第19話練習開始

「今日は二、三年は最初は射込み、その後3立引いて上位2チームで決勝戦を行います。一年生はグループ毎に練習して練習していない方のグループは看取り稽古か看的の仕方を教えてもらってください。

今から練習を始めます!お願いします!」


「「「お願いします」」」


俺たちBグループは最初に看取りと看的だ。他の人はどうやら看取りをするようなので隣にいた悠に


「俺たちは看的の方に行こう多分誰も行かないだろうから」


昨日少し夜更かししたらしく、今日は遅刻ギリギリだった悠が汗を拭きつつ頷く。

二年生の先輩2人が看的に行くようだったのでそれについて行く。


「〜という感じだけど分かった?」


今日の朝俺が弓道場に入ってきた時に挨拶を返してくれた先輩が看的の仕方を教えてくれた。流石に一回じゃ覚えきれなかったけれどしばらくは分からなかったら先輩達がフォローしてくれるとのことなので多分大丈夫だろう。

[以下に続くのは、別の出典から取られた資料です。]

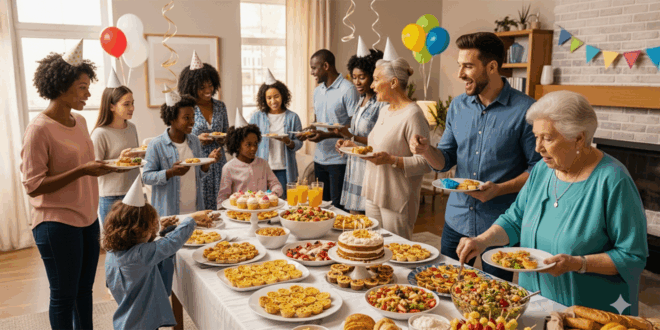 Eine bunte Gruppe von Gästen aller Altersgruppen bedient sich an einem reichhaltigen Catering-Buffet bei einer Geburtstagsfeier zu Hause.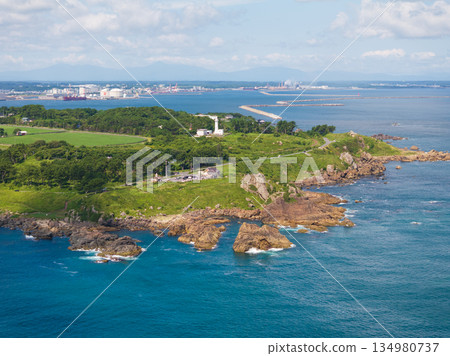 Aerial photography of Tanesashi Coast, Aomori Prefecture, summer 134980737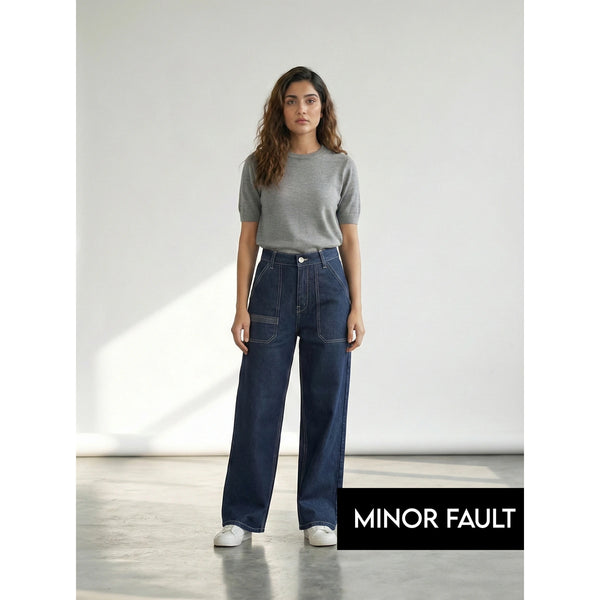 (Minor Fault) High Rise Rinse Wash Cropped Jeans | Montivo Pakistan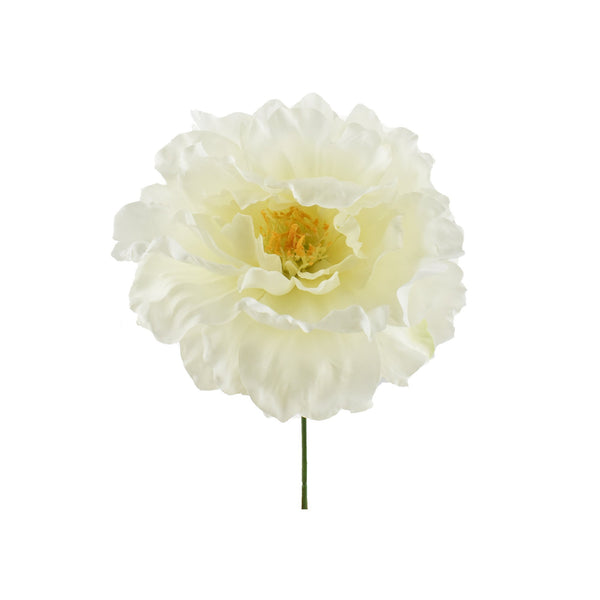 Artificial Peony Pick, Cream, 8-Inch
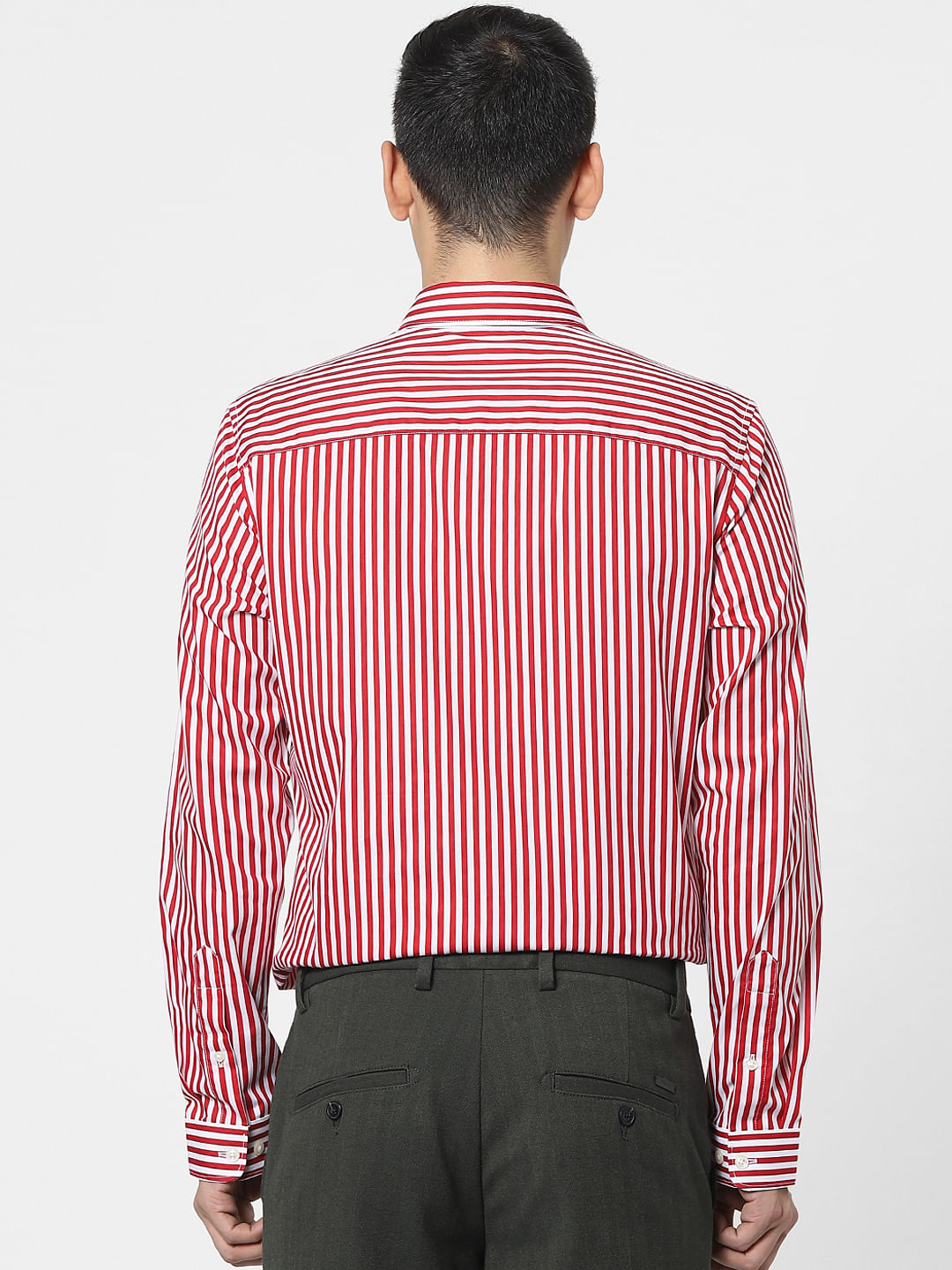 Red Striped Full Sleeves Shirt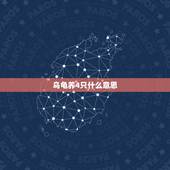 乌龟养4只什么意思，乌龟养几只比较吉利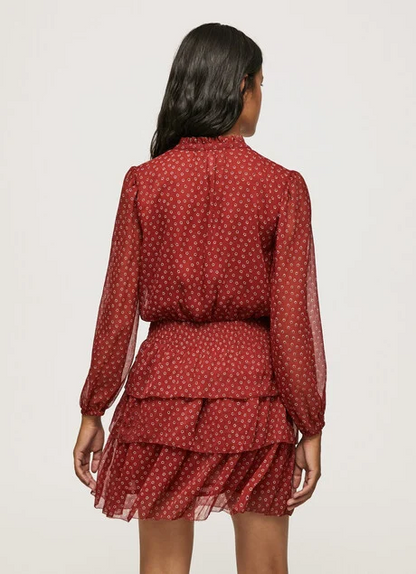 Pepe Jeans Abito da donna con stampa a fiori Delia PL953120 286 burnt red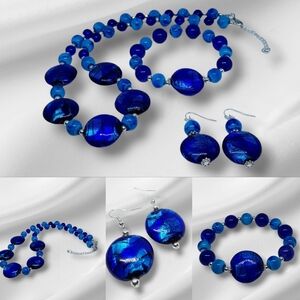 Light/Dark Blue Swirl Glass Beaded Trio Set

「そういえば弓道の総体ってどういうルールなんですか?」


説明も聞き終えたので話が途切れたが先輩の前で少し緊張しているのか若干声がいつもより高い悠が尋ねる。

それは俺も気になっていたことなので耳を傾ける。


「えっとね、まず団体戦と個人戦があるんだけど団体戦は男女別で5人1チームで1人4本チームで20本引くの。それで男子はチームで半矢以上、つまり10中以上、女子は9中以上で県大会に行けるの。個人戦は団体戦で男子は3中以上したら、女子は2中以上で二回戦進出で2回合わせて男子は6中女子は5中で県大会っていうふうになってるわね」


ふむふむ、つまり全員半矢すれば県大会に行ける団体の方が一人当たりの難易度は低いが誰かが調子悪かったらそれだけでキツくなるのか、逆に個人戦は自分の調子次第ではスルッと行けるかもしれないけどその分必要な的中も多いのか。

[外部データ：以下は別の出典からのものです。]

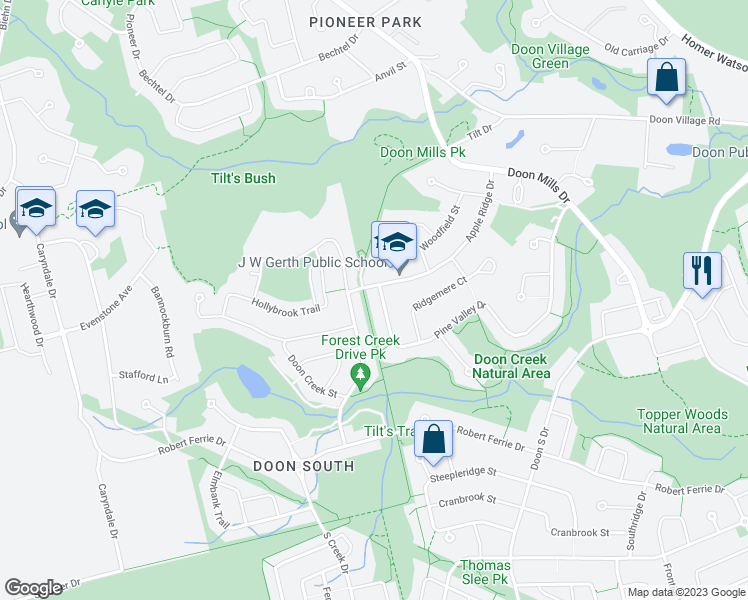 map of restaurants, bars, coffee shops, grocery stores, and more near 379 Pine Valley Drive in Kitchener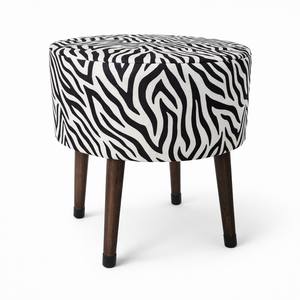 Salon Pufu – Dalgalı Zebra Desenli, Ahşap Ayaklı Dekoratif Tabure - Siyah Ayak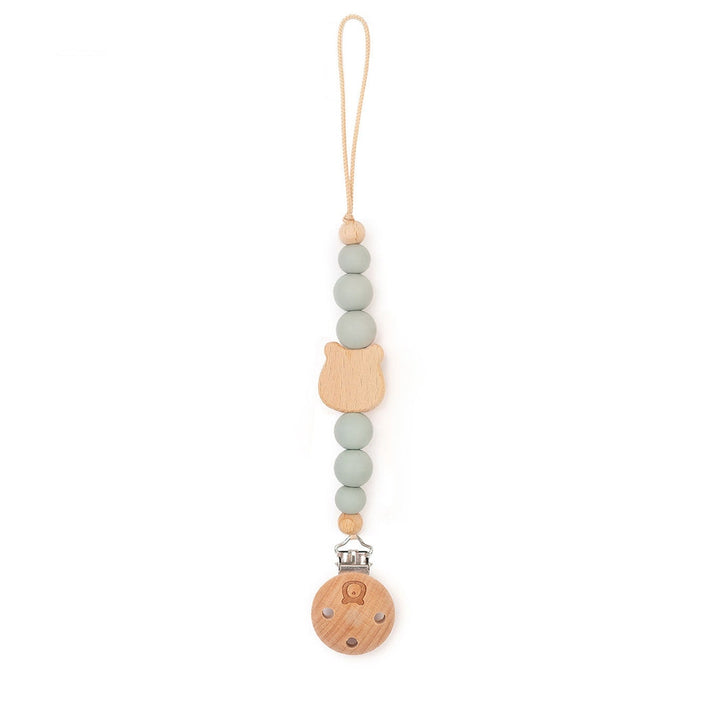 JBØRN Bear Pacifier Clip Sage No - Personalisable Baby Products Sold and Personalised by JustBørn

「でも先輩達なら結構余裕じゃないですか?いつもそのくらい軽く当ててるイメージあるんですけど」


確かに悠の言う通りでまだ入部してから一週間しか経っていないが先輩達、特にAチームの先輩達は結構当てている印象がある。他の高校の生徒と競合するのではなく絶対評価で県大会進出が決まるのなら結構簡単に行きそうだ。

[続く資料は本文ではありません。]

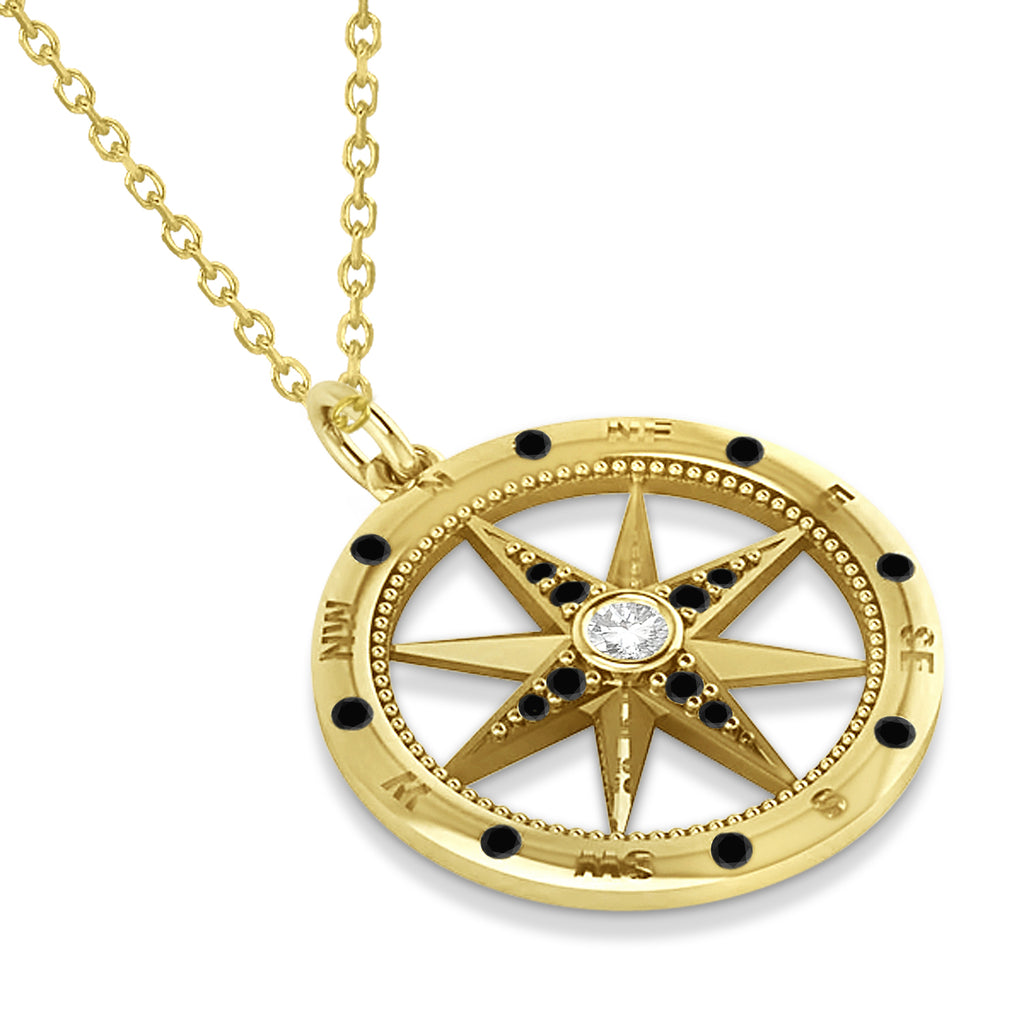 Compass Pendant For Men Black & White Diamond Accented 14k Yellow Gold (0.45ct)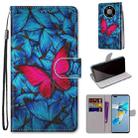 For Huawei Mate 40 Pro Coloured Drawing Cross Texture Horizontal Flip PU Leather Case with Holder & Card Slots & Wallet & Lanyard(Blue Red Butterfly) - 1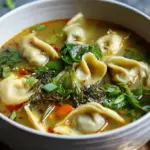 A bowl of creamy Thai Potsticker Soup topped with fresh cilantro and green onions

「それはどうかな?大会はね、怖いんだよ団体戦だともしこの一本を外したら、とか逆にこれを当てれば県大会、とかそういう考えとかが嫌な緊張になって筋肉が強張るんだ。そうするといつも通りの射なんてできるはずもないんだ」


もう1人の男の先輩がそう言う。

多分それは経験しないと分からないのだろう。


「さっき轟先輩が2チームで決勝戦って言っていただろ?うちの部活では土曜部活の最後にその日の立の成績を集計して上位2チームで勝負をするんだ。決勝戦とは言っても所詮は部活の練習の一部だから別に勝とうが負けようが何もないんだけど、それでもみんな射が目に見えて変わるんだ。君たちもしっかり見ておくといいよ」


真剣な表情で話す先輩の言葉に2人してコクコクと頷いているとAチームの立が終わり看的の仕事がやってきた。


「じゃあ取り敢えず2人に任せるからね。無理っぽいって思ったら私たちが助けるから頑張って!」


先輩にそう言われ俺と悠は頷き急いで看的小屋から出る。

因みに悠が秒で噛んで先輩達が吹き出していた。